# Tekfusion Twinwoofers



## abirthedevil (Mar 25, 2012)

These have been available for quite a while and judging from the number of reviews from flipkart they seem to be selling quite well Flipkart.com: Tekfusion - Twinwoofers In-Ear Headphones (Black Chrome): Headphone was wondering if any audiophile here who owns them might do a review or something, no credible reviews on the net so far and tekfusion being an indian brand a proper review would be nice letting people know if they really are good.


----------



## audiophilic (Mar 26, 2012)

Yeh, i got a pair of them, they're awesome.

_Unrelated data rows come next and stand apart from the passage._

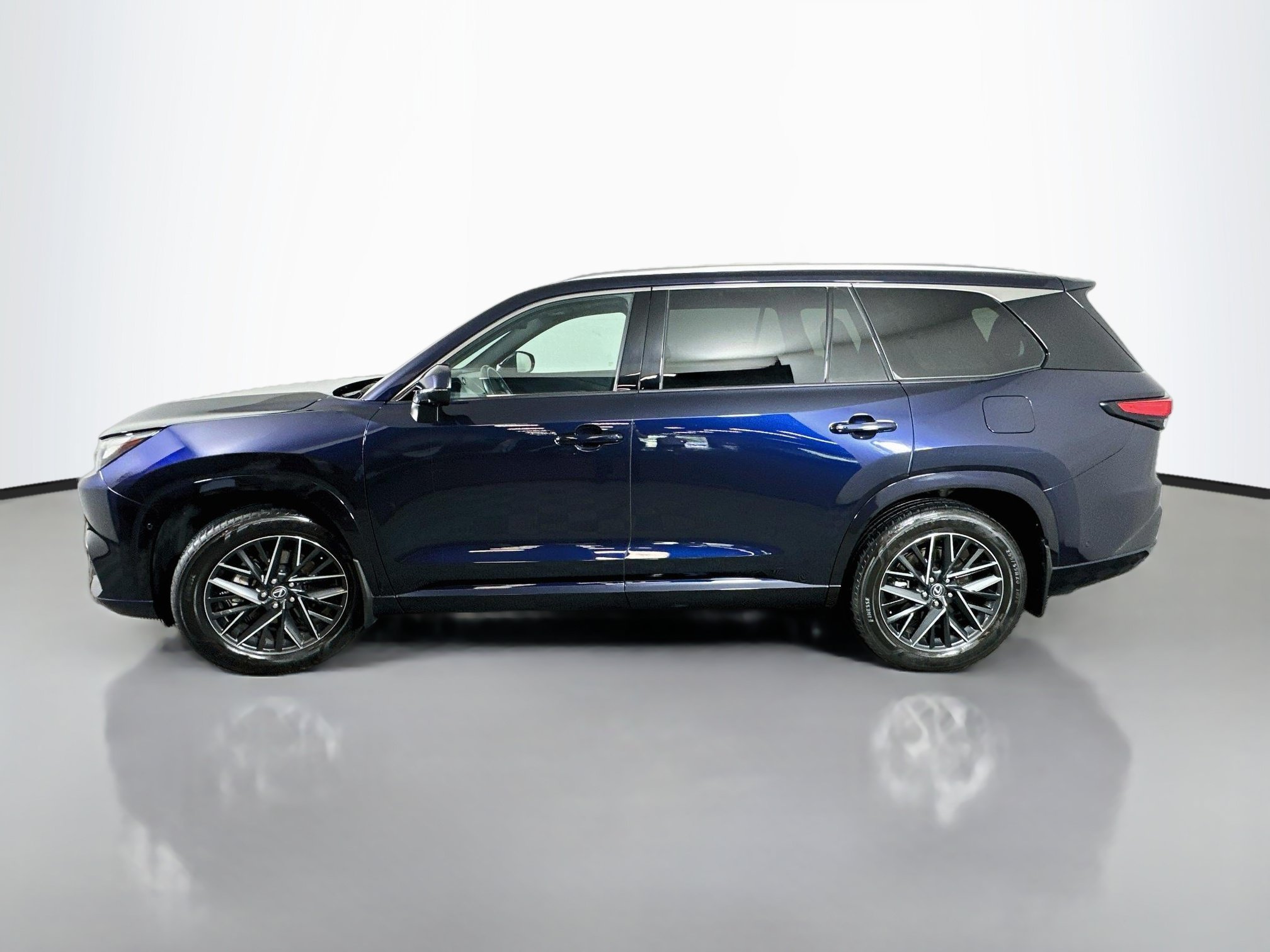 Certified Used 2024 Mica Lexus 350 Premium image 4
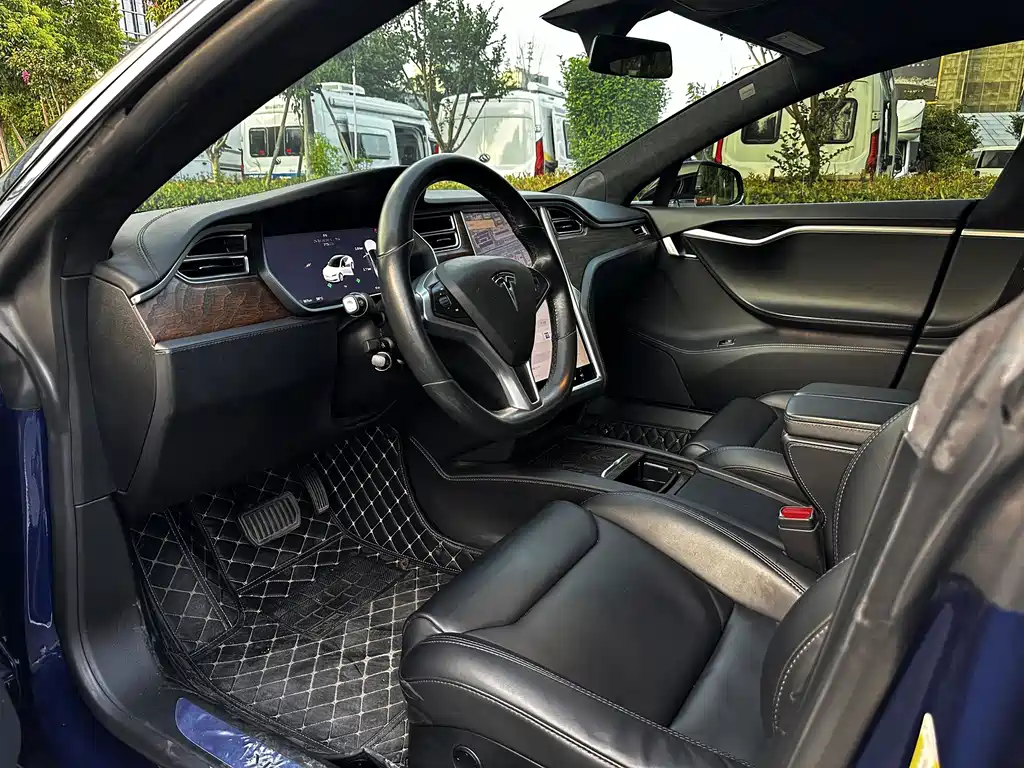 Tesla Model S 2018 — фото 9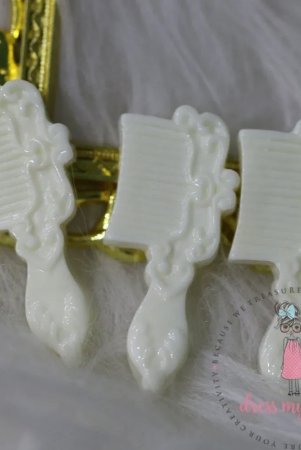 vintage-comb-white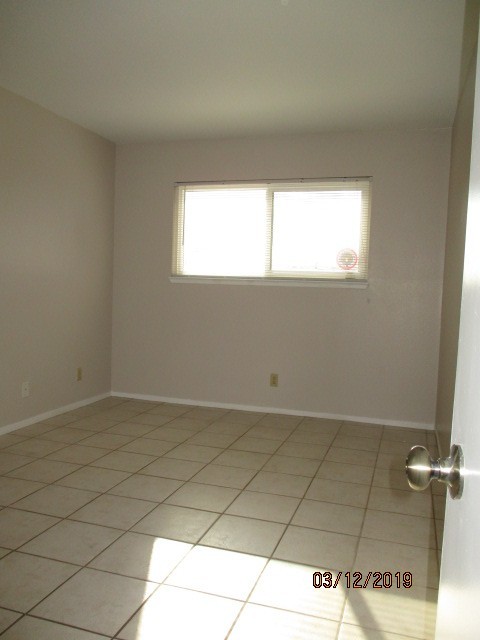 3 beds, 2 baths, $1,800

Although i don't know how to review myself  Some tips would be great, maybe i can provide a full review on these.


----------



## abirthedevil (Mar 26, 2012)

Looking at reviews on different sites might give you an idea and post what you feel about the earphones, build quality sound etc post some pics, compare them with other earphones by the way have you burnt in your twinwoofers i hear their sound quality improves quite a bitt after 40 hrs of burn in


----------



## audiophilic (Mar 26, 2012)

abirthedevil said:


> Looking at reviews on different sites might give you an idea and post what you feel about the earphones, build quality sound etc post some pics, compare them with other earphones by the way have you burnt in your twinwoofers i hear their sound quality improves quite a bitt after 40 hrs of burn in



Yes mate, 

I burned them using the Tekfusion Burn-in Player for 50 hours, supplied by Tekfusion. This burn-in player was very handy as it involved the whole audio spectrum. There was an incredible change  

The most interesting thing was that the bass became more punchy than before, and the trebles and mids didn't change much but was a pretty decent improvement.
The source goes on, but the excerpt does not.